THE PROBLEM:
Restate the records that follow. Every word must match.

════

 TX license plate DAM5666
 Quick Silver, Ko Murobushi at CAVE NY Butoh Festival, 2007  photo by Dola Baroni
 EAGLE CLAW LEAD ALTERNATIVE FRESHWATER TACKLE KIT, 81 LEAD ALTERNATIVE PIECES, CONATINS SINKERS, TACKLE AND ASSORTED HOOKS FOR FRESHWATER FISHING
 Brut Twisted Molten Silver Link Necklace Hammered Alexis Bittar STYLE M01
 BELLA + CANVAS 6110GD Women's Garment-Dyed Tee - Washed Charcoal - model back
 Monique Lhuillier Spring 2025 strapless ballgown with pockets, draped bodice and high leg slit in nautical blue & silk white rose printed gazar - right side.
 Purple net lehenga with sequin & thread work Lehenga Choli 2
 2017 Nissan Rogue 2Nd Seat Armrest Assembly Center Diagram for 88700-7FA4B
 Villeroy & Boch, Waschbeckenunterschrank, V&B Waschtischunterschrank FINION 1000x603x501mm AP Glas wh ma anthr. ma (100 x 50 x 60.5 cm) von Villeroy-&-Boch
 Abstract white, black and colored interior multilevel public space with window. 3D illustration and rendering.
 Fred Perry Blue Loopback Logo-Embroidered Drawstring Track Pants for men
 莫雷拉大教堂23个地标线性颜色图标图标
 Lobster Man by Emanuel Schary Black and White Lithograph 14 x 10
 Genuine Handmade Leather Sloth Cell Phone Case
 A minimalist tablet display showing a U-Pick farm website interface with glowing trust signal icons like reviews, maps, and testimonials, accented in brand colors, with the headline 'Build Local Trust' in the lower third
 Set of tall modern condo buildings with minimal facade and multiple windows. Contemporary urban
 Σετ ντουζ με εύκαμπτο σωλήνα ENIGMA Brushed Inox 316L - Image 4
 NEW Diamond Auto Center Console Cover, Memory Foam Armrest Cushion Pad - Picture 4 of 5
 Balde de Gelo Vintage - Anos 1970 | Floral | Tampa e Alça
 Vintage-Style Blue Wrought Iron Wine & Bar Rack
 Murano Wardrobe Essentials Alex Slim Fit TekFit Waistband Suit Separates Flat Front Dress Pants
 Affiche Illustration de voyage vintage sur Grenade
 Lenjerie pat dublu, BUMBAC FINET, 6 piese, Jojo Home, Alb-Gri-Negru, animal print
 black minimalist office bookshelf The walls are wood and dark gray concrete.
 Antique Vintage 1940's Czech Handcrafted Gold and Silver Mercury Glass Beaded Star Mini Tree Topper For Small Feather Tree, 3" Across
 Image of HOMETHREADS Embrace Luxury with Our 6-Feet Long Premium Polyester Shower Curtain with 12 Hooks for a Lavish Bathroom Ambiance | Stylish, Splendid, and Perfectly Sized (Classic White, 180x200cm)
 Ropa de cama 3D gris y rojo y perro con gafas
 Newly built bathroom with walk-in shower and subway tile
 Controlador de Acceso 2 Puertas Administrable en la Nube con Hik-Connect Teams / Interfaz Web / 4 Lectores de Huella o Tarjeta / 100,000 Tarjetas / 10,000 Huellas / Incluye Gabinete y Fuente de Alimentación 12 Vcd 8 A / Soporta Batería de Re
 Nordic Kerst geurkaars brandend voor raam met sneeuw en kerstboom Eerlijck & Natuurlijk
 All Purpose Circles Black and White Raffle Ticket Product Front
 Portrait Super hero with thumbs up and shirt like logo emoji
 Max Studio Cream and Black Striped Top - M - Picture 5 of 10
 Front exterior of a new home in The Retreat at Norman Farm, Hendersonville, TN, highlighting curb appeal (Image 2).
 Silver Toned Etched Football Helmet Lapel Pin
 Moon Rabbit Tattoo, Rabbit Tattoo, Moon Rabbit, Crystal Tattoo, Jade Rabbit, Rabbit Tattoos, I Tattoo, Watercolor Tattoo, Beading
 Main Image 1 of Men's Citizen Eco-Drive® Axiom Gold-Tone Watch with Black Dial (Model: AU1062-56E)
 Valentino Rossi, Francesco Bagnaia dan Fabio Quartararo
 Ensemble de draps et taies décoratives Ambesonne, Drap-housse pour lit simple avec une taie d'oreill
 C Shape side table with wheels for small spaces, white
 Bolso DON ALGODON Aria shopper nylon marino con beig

════

EXERCISE RESPONSE:
 TX license plate DAM5666
 Quick Silver, Ko Murobushi at CAVE NY Butoh Festival, 2007  photo by Dola Baroni
 EAGLE CLAW LEAD ALTERNATIVE FRESHWATER TACKLE KIT, 81 LEAD ALTERNATIVE PIECES, CONATINS SINKERS, TACKLE AND ASSORTED HOOKS FOR FRESHWATER FISHING
 Brut Twisted Molten Silver Link Necklace Hammered Alexis Bittar STYLE M01
 BELLA + CANVAS 6110GD Women's Garment-Dyed Tee - Washed Charcoal - model back
 Monique Lhuillier Spring 2025 strapless ballgown with pockets, draped bodice and high leg slit in nautical blue & silk white rose printed gazar - right side.
 Purple net lehenga with sequin & thread work Lehenga Choli 2
 2017 Nissan Rogue 2Nd Seat Armrest Assembly Center Diagram for 88700-7FA4B
 Villeroy & Boch, Waschbeckenunterschrank, V&B Waschtischunterschrank FINION 1000x603x501mm AP Glas wh ma anthr. ma (100 x 50 x 60.5 cm) von Villeroy-&-Boch
 Abstract white, black and colored interior multilevel public space with window. 3D illustration and rendering.
 Fred Perry Blue Loopback Logo-Embroidered Drawstring Track Pants for men
 莫雷拉大教堂23个地标线性颜色图标图标
 Lobster Man by Emanuel Schary Black and White Lithograph 14 x 10
 Genuine Handmade Leather Sloth Cell Phone Case
 A minimalist tablet display showing a U-Pick farm website interface with glowing trust signal icons like reviews, maps, and testimonials, accented in brand colors, with the headline 'Build Local Trust' in the lower third
 Set of tall modern condo buildings with minimal facade and multiple windows. Contemporary urban
 Σετ ντουζ με εύκαμπτο σωλήνα ENIGMA Brushed Inox 316L - Image 4
 NEW Diamond Auto Center Console Cover, Memory Foam Armrest Cushion Pad - Picture 4 of 5
 Balde de Gelo Vintage - Anos 1970 | Floral | Tampa e Alça
 Vintage-Style Blue Wrought Iron Wine & Bar Rack
 Murano Wardrobe Essentials Alex Slim Fit TekFit Waistband Suit Separates Flat Front Dress Pants
 Affiche Illustration de voyage vintage sur Grenade
 Lenjerie pat dublu, BUMBAC FINET, 6 piese, Jojo Home, Alb-Gri-Negru, animal print
 black minimalist office bookshelf The walls are wood and dark gray concrete.
 Antique Vintage 1940's Czech Handcrafted Gold and Silver Mercury Glass Beaded Star Mini Tree Topper For Small Feather Tree, 3" Across
 Image of HOMETHREADS Embrace Luxury with Our 6-Feet Long Premium Polyester Shower Curtain with 12 Hooks for a Lavish Bathroom Ambiance | Stylish, Splendid, and Perfectly Sized (Classic White, 180x200cm)
 Ropa de cama 3D gris y rojo y perro con gafas
 Newly built bathroom with walk-in shower and subway tile
 Controlador de Acceso 2 Puertas Administrable en la Nube con Hik-Connect Teams / Interfaz Web / 4 Lectores de Huella o Tarjeta / 100,000 Tarjetas / 10,000 Huellas / Incluye Gabinete y Fuente de Alimentación 12 Vcd 8 A / Soporta Batería de Re
 Nordic Kerst geurkaars brandend voor raam met sneeuw en kerstboom Eerlijck & Natuurlijk
 All Purpose Circles Black and White Raffle Ticket Product Front
 Portrait Super hero with thumbs up and shirt like logo emoji
 Max Studio Cream and Black Striped Top - M - Picture 5 of 10
 Front exterior of a new home in The Retreat at Norman Farm, Hendersonville, TN, highlighting curb appeal (Image 2).
 Silver Toned Etched Football Helmet Lapel Pin
 Moon Rabbit Tattoo, Rabbit Tattoo, Moon Rabbit, Crystal Tattoo, Jade Rabbit, Rabbit Tattoos, I Tattoo, Watercolor Tattoo, Beading
 Main Image 1 of Men's Citizen Eco-Drive® Axiom Gold-Tone Watch with Black Dial (Model: AU1062-56E)
 Valentino Rossi, Francesco Bagnaia dan Fabio Quartararo
 Ensemble de draps et taies décoratives Ambesonne, Drap-housse pour lit simple avec une taie d'oreill
 C Shape side table with wheels for small spaces, white
 Bolso DON ALGODON Aria shopper nylon marino con beig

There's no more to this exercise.